(『誰でもハモれるBOOK』藤田進・編著から抜粋)
声を出す時は、口の開き方が重要で、ほおの筋肉をしっかりと使って、上唇が下がらないように注意する。
いつも上の歯が見える状態で「アイウエオ」を発音する。
声は、声帯の振動が、口腔や鼻腔や頭蓋骨や胸に共鳴して、その人の声を作っている。
声をよく響かせるには、声を身体全体に共鳴させることが大切である。
なお、低音域で声を出すほうが、声が身体に共鳴する感覚をつかみやすい。
トレーニングの始めの段階では、声を口腔と鼻腔の両方にバランスよく響かせるよう注意する。
そして響きの焦点を、なるべく前に(鼻先から上唇と前歯のあたりに)するイメージで声を出す。
腹式呼吸のポイントは、背筋を伸ばして、お腹に空気を一杯入れるイメージで息を吸う。
そして吸ったら、下腹(丹田)に力を入れて、その状態の横隔膜を支えることだ。
①まず足を肩幅くらいに開き、背筋を伸ばす
②胸を広げて、アゴを引き、肩の力を抜く
③お腹へ空気を入れるイメージで息を吸い、横隔膜をグーッと下げるようにして深く吸い込む
腹式呼吸に慣れてきたら、あくびをする時のイメージで、リラックスした状態で鼻と口から深く息をする。
声が固いとか平たいと言われる人は、鼻への共鳴が足りなくて、喉に力が入っている人が多い。
そういう人は、「Ma」や「Na」の発音で、声をバランス良く深く響かせる練習をしよう。
まず、唇を軽く閉じたまま、「ンー」と鼻腔だけで声を出してみよう。
しっかり響かせると、唇の裏側まで共鳴し、少しくすぐったくなる。
この感じを掴んだら、次は「Maー」と口を開けて発音する。
口を開く時に、上の歯が見えるくらいに上唇を持ち上げること。
次は、ドレミファの音階を「Ma」で歌う練習をする。
「Ma」に慣れたら、次は「Na」で歌う。
サッカー場などで遠くの人を呼ぶとき、お腹の底から「おーい」と声を出すはずだ。
その時の身体の使い方を思い出して歌えば、すてきな声が出る。
卒業式などで「はい」と返事するとき、背筋をピンと伸ばしてお腹から声を出すはずだ。
これを歌に応用すればいい。
まず「はい!」としっかりした声で出してみる。
良く響く声が出たら、次は「はーい」と少し長く発音する。
感じが掴めてきたら、さらに長く「はーーーい」と続けていく。
これを毎日3分やるだけで、けっこう声が変わってくる。
歌っていて息が続かなくなるのは、たいていは呼吸法が原因である。
初心者だと、息を吸うことばかり意識して、しっかり吐くのをおろそかにしている事が多い。

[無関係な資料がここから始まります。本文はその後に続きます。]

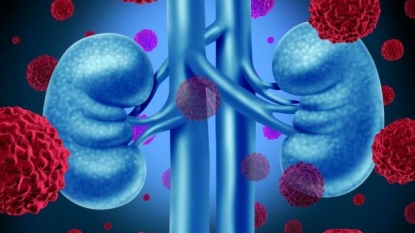 Drug targeting immune system shown to help kidney cancer patients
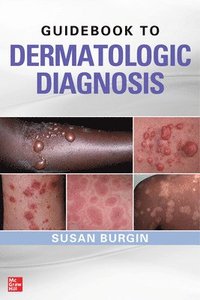 bokomslag Guidebook to Dermatologic Diagnosis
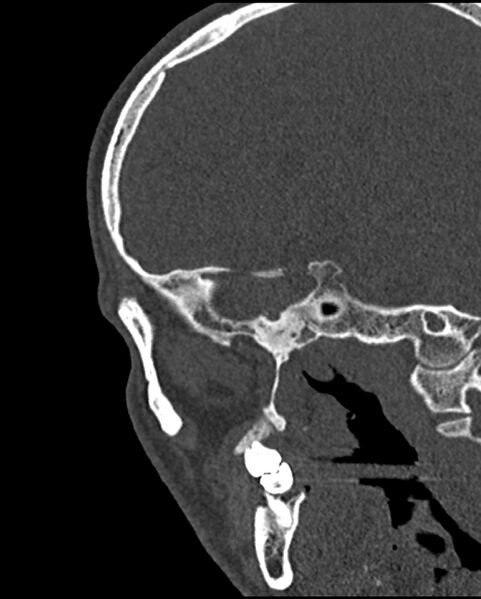 File:Chronic maxillary sinusitis caused by a foreign body (Radiopaedia 58521-65676 Sagittal bone window 65).jpg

しっかりと吐ききると、スッとお腹の支えを緩めるだけで、自然に空気を吸える。
4拍子で、「1、2、3、4」とカウントをとり、2拍吸って2拍吐くのを繰り返して、1分続けてみよう。
しっかり吸い吐くのに注意しながら行うこと。
声がこもったり、声の抜けが悪い人は、共通して顔の筋肉をちゃんと使えておらず、口だけパクパクさせている。
笑い声は遠くまで響くが、それはリラックスしてお腹から出しているのと同時に、ニコッと笑うことで頬の筋肉が動き、上唇が自然に持ち上がるからだ。
高齢者は、顔の筋肉が緩んでいて上唇が下がったまま喋るので、声がモゴモゴしてしまう。
歌う時は、顔の筋肉をしっかり使い、いつも上の歯が見えている状態で発声することが大切である。
これは、笑顔で発声するのと同じである。
良い声を出すには、身体を鍛えることも大切である。
誰にでも出来て有効なトレーニングは、風船をふくらます事だ。
これはプロ歌手もやっている。
お腹から声を出す時の筋肉の使い方を身体に覚えさせて、同時に心肺機能も強化できる。
歌っていて息が続かなくなるのは、ブレス(息継ぎ)が出来てない事が多い。
しっかりブレスが出来ないのは、しっかり息を吐けてないから。
風船トレーニングを朝晩に10分続けるだけで、絶対に声は変わってくる。
さらに歌では、舌も重要な働きをしている。
声が固いのは、舌が固いからと言ってもよい位である。
だから舌のストレッチをすると良い。
(以下は『音楽の正体』渡辺健一著から抜粋
2010年7月30日にノートにとり勉強したものを転載)
歌が上手くて声も良いのに、感動のない歌手がいる
理由は、自分の声に溺れて、最初から声を張ってしまっているのだ。
つまり歌に抑揚がないのである。